What is expected
Restate the data below word for word. Leave the images out.

Caption-style text data
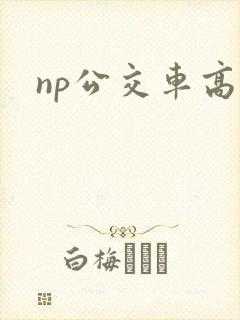 np公交车高h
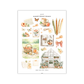 Peach | Mini Decorative Kit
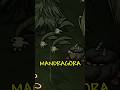 MANDRAGORAS — Guia de progressão Don't Starve Together #56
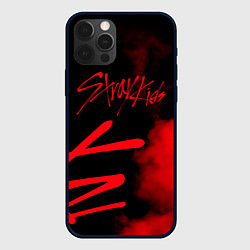 Чехол для iPhone 12 Pro Max Stray Kids, цвет: 3D-черный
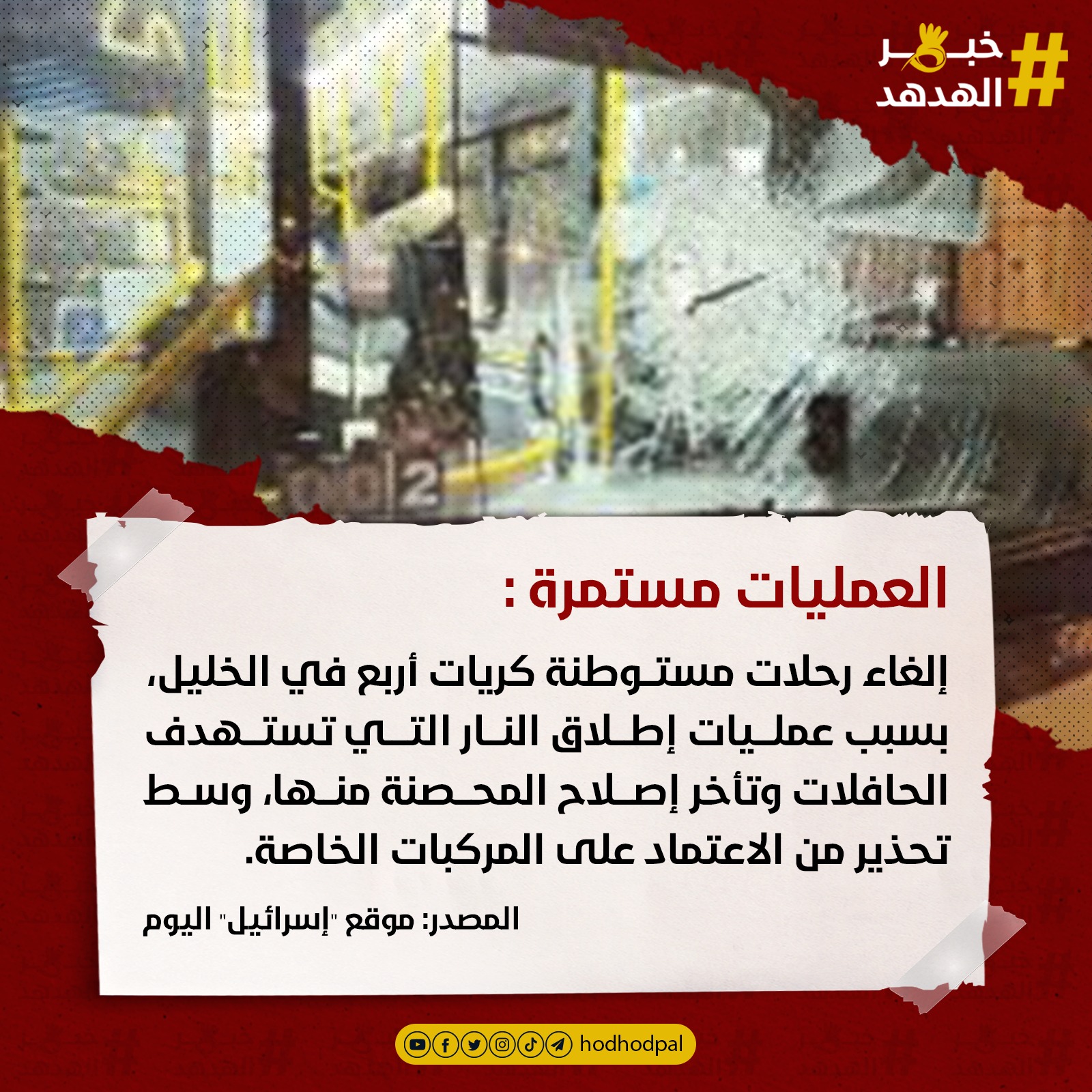 #خبر_الهدهد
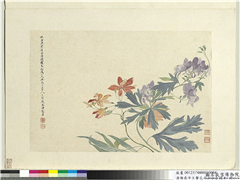 清恽寿平王翬花卉山水合册　册　射干,绘画,花草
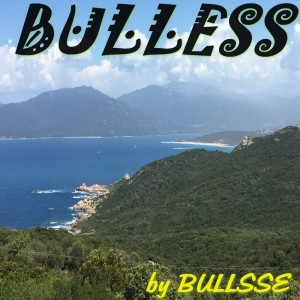 Bullsse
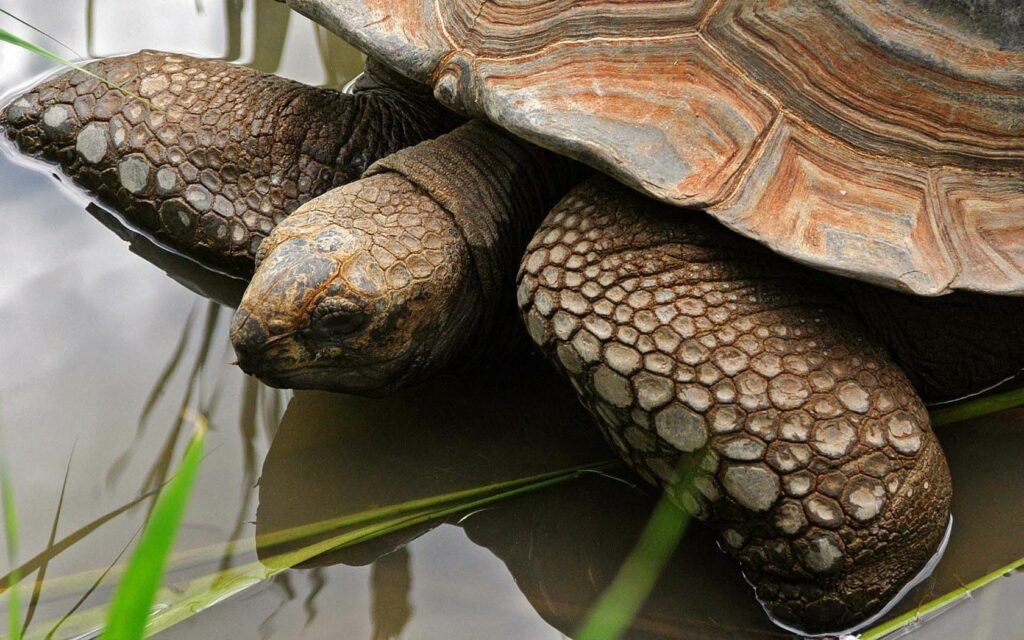 Close-Up Turtle Wallpaper: Intricate Shell & Serene Water Scene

Result of the exercise
 np公交车高h
 Peach | Mini Decorative Kit
 MANDRAGORAS — Guia de progressão Don't Starve Together #56
 Чехол для iPhone 12 Pro Max Stray Kids, цвет: 3D-черный
 #خبر_الهدهد
 清恽寿平王翬花卉山水合册　册　射干,绘画,花草
 Bullsse
 Close-Up Turtle Wallpaper: Intricate Shell & Serene Water Scene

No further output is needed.